**What is required**
Your copy of the entries must be exact, and it must not include the pictures.

╭──

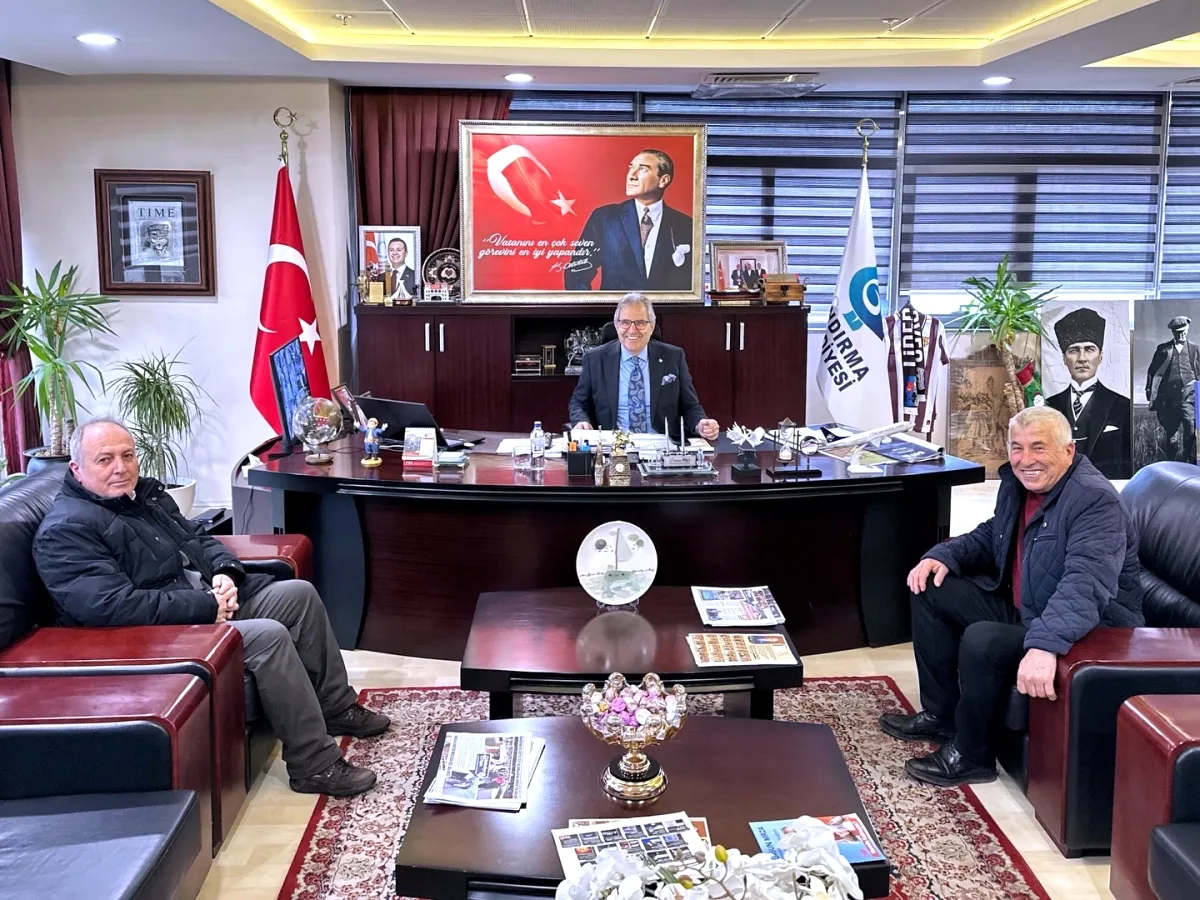 Bandırma Belediyesi, Mahalle Muhtarlarını ve Çelikspor Başkanını Ağırladı Bandırma Belediyesi, Mahalle Muhtarlarını ve Çelikspor Başkanını Ağırladı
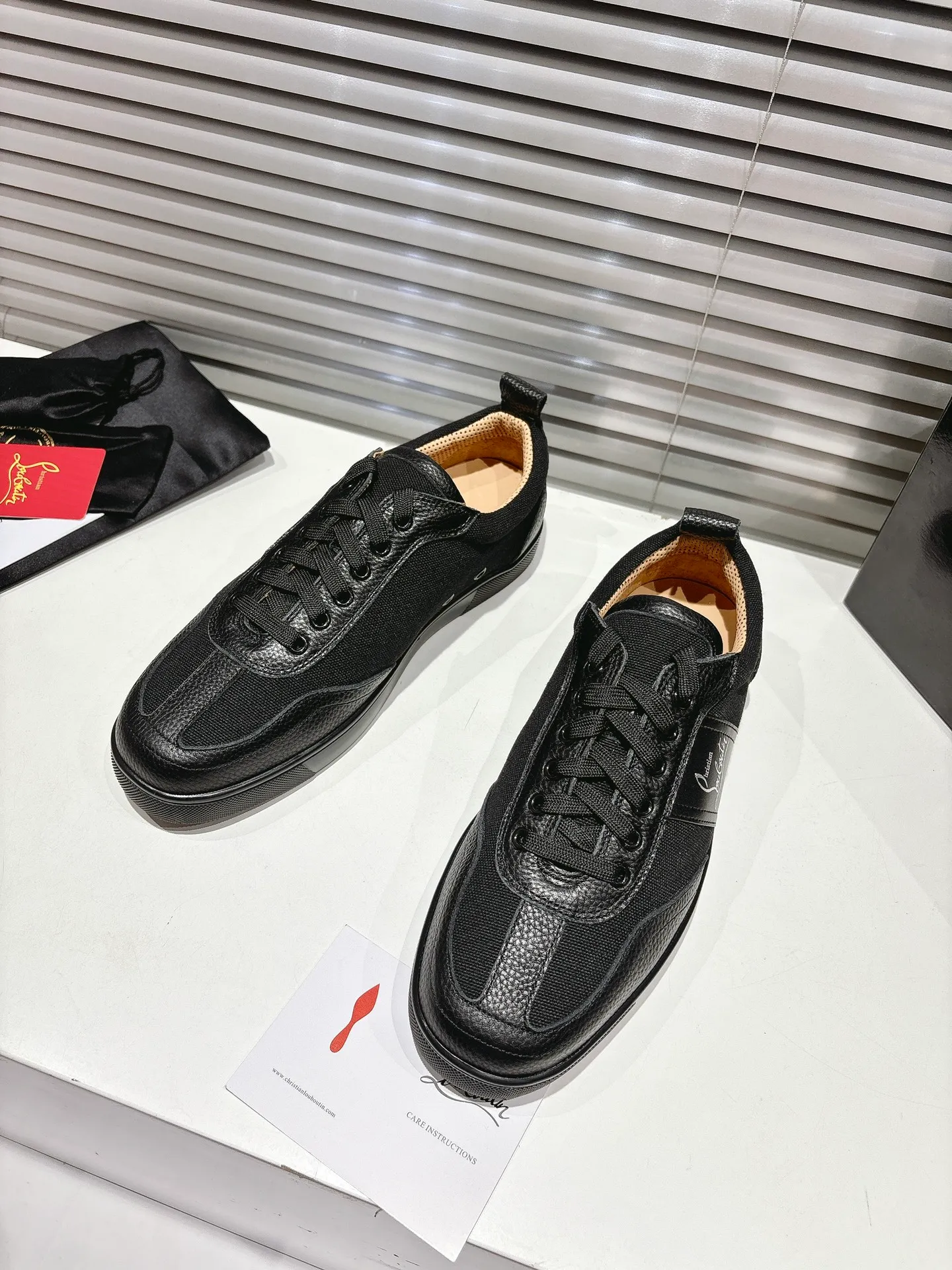 👟👟Ex-factory price 680👟👟 ╔Low top logo sports shoes╗ ·Top version customization·2025𝐬𝐬 𝑪𝒉𝒓𝒊𝒔𝒕𝒊𝒂𝒏 𝑳𝒐𝒖𝒃𝒐𝒖𝒕𝒊𝒏 Retero flat sneakers are smooth and crafted in white grained calfskin and canvas. It is decorated with a stylish side strap with the iconic Maison Christian Louboutin logo, contrasting with Cuoio brown leather for an effortlessly stylish look. This modern sneaker combines a retro '70s look with modern sophistication, featuring a flexible construction. ▪️No matter the last type, fabric, rhinestones, nails, lining, outsole, it is as close as possible to ZP... ▪️The original sole is specially provided by the original factory ▪️The lining is imported water-dyed cowhide ▪️Private customization time is about 3-7 days —————— Size: Women's 35M-41M Men's 38M-47M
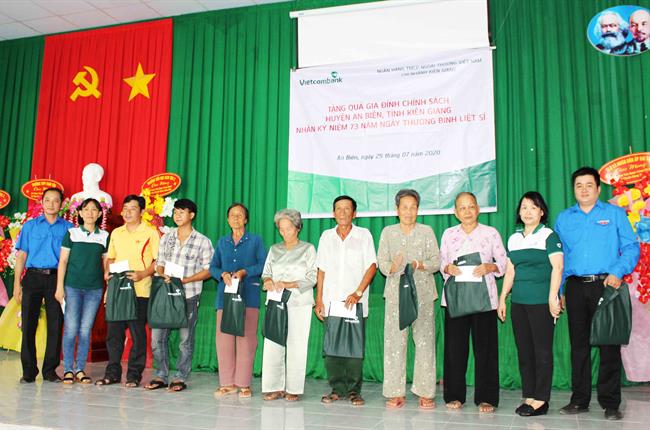 Vietcombank Kiên Giang tham gia các hoạt động nhân kỷ niệm 73 năm ngày thương binh - liệt sĩ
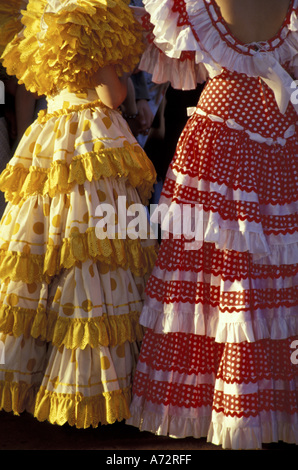 Spanien, Andalusien, Sevilla gelb und rot Flamenco-Kleider bei jährlichen Feria de Abril (April Fair) Stockfoto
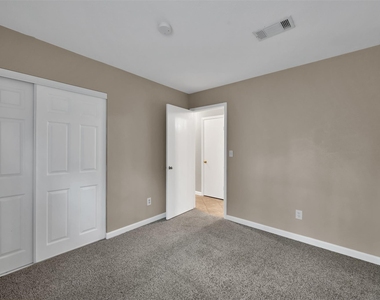 93 W High Oaks Circle - Photo Thumbnail 17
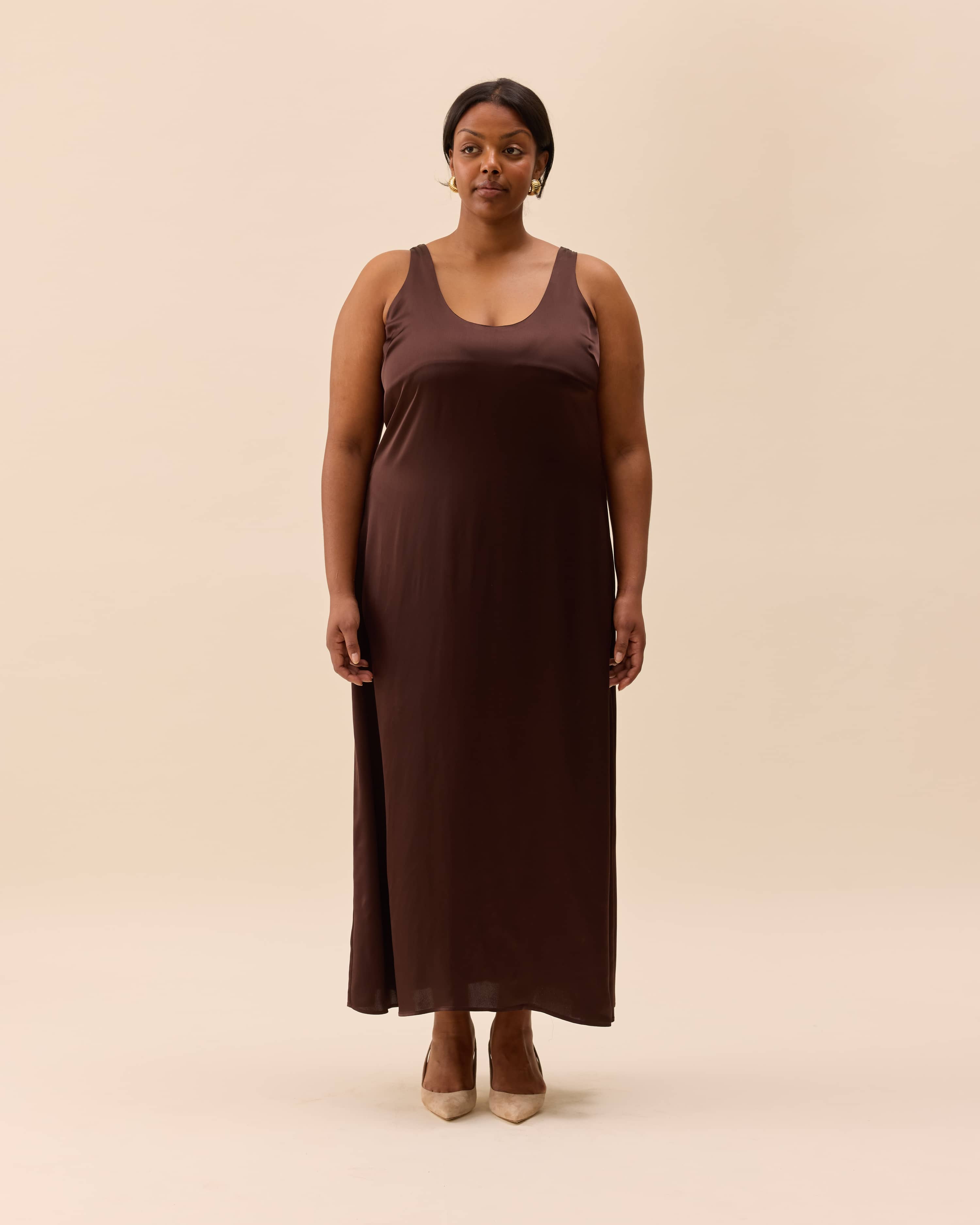 ✨新作/新品✨ANDRESD satin dressブラウン Satin Viscose Dress Dark Mocha - Dark mocha | Djerf Avenue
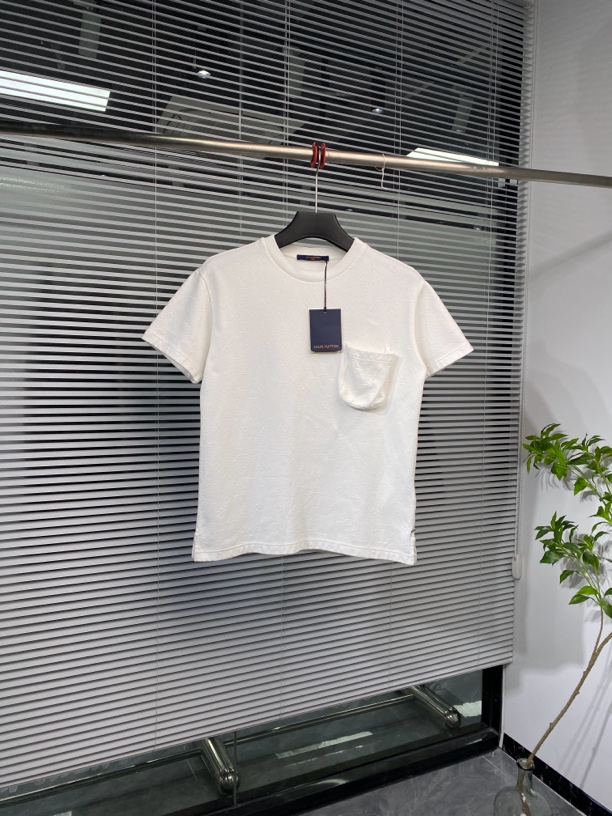 99新 LouisVuitton/路易威登  短袖 三花暗纹满印 XS码 ko1998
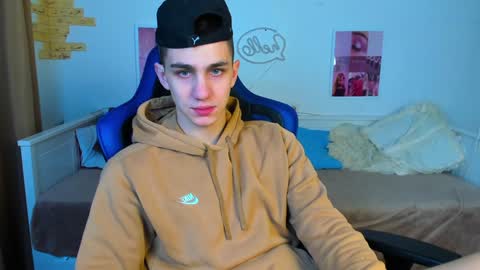 Frank online show from February 8, 5:29 am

╰──

**Exercise response**
 Bandırma Belediyesi, Mahalle Muhtarlarını ve Çelikspor Başkanını Ağırladı Bandırma Belediyesi, Mahalle Muhtarlarını ve Çelikspor Başkanını Ağırladı
 👟👟Ex-factory price 680👟👟 ╔Low top logo sports shoes╗ ·Top version customization·2025𝐬𝐬 𝑪𝒉𝒓𝒊𝒔𝒕𝒊𝒂𝒏 𝑳𝒐𝒖𝒃𝒐𝒖𝒕𝒊𝒏 Retero flat sneakers are smooth and crafted in white grained calfskin and canvas. It is decorated with a stylish side strap with the iconic Maison Christian Louboutin logo, contrasting with Cuoio brown leather for an effortlessly stylish look. This modern sneaker combines a retro '70s look with modern sophistication, featuring a flexible construction. ▪️No matter the last type, fabric, rhinestones, nails, lining, outsole, it is as close as possible to ZP... ▪️The original sole is specially provided by the original factory ▪️The lining is imported water-dyed cowhide ▪️Private customization time is about 3-7 days —————— Size: Women's 35M-41M Men's 38M-47M
 Vietcombank Kiên Giang tham gia các hoạt động nhân kỷ niệm 73 năm ngày thương binh - liệt sĩ
 Spanien, Andalusien, Sevilla gelb und rot Flamenco-Kleider bei jährlichen Feria de Abril (April Fair) Stockfoto
 93 W High Oaks Circle - Photo Thumbnail 17
 ✨新作/新品✨ANDRESD satin dressブラウン Satin Viscose Dress Dark Mocha - Dark mocha | Djerf Avenue
 99新 LouisVuitton/路易威登  短袖 三花暗纹满印 XS码 ko1998
 Frank online show from February 8, 5:29 am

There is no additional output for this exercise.